Presenter: Jenny Tung, Ph.D., The Distributed AI Research Institute (DAIR)
Presentation topic: Health, Lifespans, and Fitness are all Affected by Social and Environmental Stressors
An evolutionary anthropologist and geneticist, Dr. Tung is an Associate Professor of Biology and a researcher at Duke University. In 2019, she was awarded a MacArthur Fellowship. Tung’s research is helping to provide a better understanding for how health, lifespans, and fitness are all affected by social and environmental stressors. Tung focused her early research on primates but is now looking to further her research with meerkats to continue to study the social interactions among them and link those interactions to other aspects of research. Tung discovered that the social environment of primates doesn't just influence the physical health and behavior of an individual, but also affects gene regulation. In a different study, she researched the same idea, but in more competitive environments such as wild meerkats.
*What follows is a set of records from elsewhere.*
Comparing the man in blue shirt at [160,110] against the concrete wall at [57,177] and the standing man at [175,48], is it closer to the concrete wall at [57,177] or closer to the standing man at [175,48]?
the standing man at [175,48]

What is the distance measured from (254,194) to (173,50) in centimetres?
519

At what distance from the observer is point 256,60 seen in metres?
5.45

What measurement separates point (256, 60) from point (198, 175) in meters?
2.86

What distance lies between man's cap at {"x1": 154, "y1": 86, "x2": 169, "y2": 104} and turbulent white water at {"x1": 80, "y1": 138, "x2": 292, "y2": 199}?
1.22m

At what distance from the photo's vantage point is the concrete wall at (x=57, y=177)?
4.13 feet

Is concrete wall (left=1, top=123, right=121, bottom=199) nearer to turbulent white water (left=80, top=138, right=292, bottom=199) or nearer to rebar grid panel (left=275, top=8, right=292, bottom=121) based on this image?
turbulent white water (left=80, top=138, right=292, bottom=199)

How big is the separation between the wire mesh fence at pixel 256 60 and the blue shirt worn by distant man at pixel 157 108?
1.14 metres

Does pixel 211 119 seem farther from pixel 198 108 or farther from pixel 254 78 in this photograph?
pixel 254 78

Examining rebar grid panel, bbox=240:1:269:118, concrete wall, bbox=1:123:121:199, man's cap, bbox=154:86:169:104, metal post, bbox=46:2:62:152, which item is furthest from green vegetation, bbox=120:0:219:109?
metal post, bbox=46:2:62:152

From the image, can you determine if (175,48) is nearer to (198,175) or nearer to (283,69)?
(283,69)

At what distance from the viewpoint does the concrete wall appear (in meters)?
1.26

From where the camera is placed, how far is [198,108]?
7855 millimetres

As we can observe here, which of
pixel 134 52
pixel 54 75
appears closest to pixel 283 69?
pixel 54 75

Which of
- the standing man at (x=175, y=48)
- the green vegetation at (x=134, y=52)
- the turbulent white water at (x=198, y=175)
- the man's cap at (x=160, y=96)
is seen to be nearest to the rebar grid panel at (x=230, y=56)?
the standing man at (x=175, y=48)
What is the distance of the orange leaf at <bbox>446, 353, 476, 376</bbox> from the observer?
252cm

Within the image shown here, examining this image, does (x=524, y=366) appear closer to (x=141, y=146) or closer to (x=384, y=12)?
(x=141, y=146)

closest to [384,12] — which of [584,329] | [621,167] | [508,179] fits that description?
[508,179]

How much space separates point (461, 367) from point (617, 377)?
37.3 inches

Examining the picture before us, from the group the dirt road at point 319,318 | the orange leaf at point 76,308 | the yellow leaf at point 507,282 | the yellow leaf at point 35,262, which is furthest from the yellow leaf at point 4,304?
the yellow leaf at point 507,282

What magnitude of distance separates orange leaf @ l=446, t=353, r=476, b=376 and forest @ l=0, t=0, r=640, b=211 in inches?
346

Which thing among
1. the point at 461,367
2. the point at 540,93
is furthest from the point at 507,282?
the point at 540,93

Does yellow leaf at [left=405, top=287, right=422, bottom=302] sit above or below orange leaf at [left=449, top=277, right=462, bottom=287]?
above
She also looked into how the different social environments affected the rest of the individual's life in terms of social status, relationships with others, and behavior. She has conducted and contributed to many other projects. Jenny Tung's most cited paper according to Google Scholar is "Social environment is associated with gene regulatory variation in the rhesus macaque immune system". Published in 2012, the paper has been cited by fields ranging from human genomics to bioethics.